As emotionally aroused as Wilkinson appeared to be, he still was sufficiently the hard-headed businessman to devise as clever a bit of scheming as can be found in his long and illustrious career of intrigue. While at Natchitoches he had taken on as military aide one Walter Burling, a local planter. Burling asked Wilkinson’s permission to enter Spanish territory to buy mules. Wilkinson assented, then told Burling he had long wanted details of the route from the United States to Mexico City and directed him to use the trip as an excuse for reconnaissance, and to return by water.

Wilkinson then gave Burling a letter to José de Iturrigary, Spanish Viceroy at Mexico City, in which he related the intentions of Burr against Mexico. He laid great stress on the measures he had taken at the risk of his life, fame, and fortune to save the Spanish possession. His services he valued at $121,000. Simultaneously he wrote to President Jefferson asking reimbursement for Burling’s trip, the cost of which he put at $1500. Thus with a single stone he hoped to kill not two birds but three. His finesse was not entirely successful. Burling made the trip and returned safely with information about the route. Iturrigary thanked him for his pains but refused payment saying he already knew about Burr’s plans. Jefferson, however, obliged with the $1500.

On November 25 the General arrived in New Orleans. He acted vigorously in calling out the militia, repairing the fortifications, and impressing seamen. Then he set in motion a veritable reign of terror. When Bollman delivered his letter from Burr, Wilkinson seized him and threw him into jail. He tried to frighten Governor Claiborne into declaring martial law by asserting that if drastic measures were not taken to meet the danger “the fair fabric of our independence, purchased by the best blood of the country, will be prostrated and the Goddess of Liberty will take her flight from the globe forever.”

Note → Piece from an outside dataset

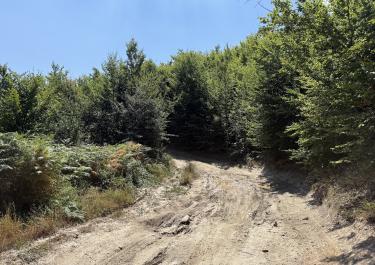Offroad Albanien Durch das Luzni-Bulaç Naturreservat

Following their exoneration by the Kentucky grand jury Burr and Adair proceeded to Nashville where they parted company. Burr boarded his flatboats while Adair set out on horseback for New Orleans. Many believed Adair was second in command to Burr. Oblivious of their past intimacy, dating from the Indian campaign, and no doubt in a desperate effort to erase the damning fact that he had introduced Adair to Burr, Wilkinson had Adair arrested on his arrival in New Orleans. Then he shipped Adair, Bollman, Swartwout, and Ogden under arrest by sea, with Baltimore and Washington as their destinations, to be dealt with by the Government. He set up a system of secret police to search for evidence, confiscated correspondence, and arranged with the postmaster to rifle the mails. When Governor Claiborne refused to be bullied into declaring martial law Wilkinson declared it himself. But when he tried to force the Louisiana Legislature to suspend the writ of habeas corpus the members rebelled, protesting that such action would be a violation of the Federal Constitution.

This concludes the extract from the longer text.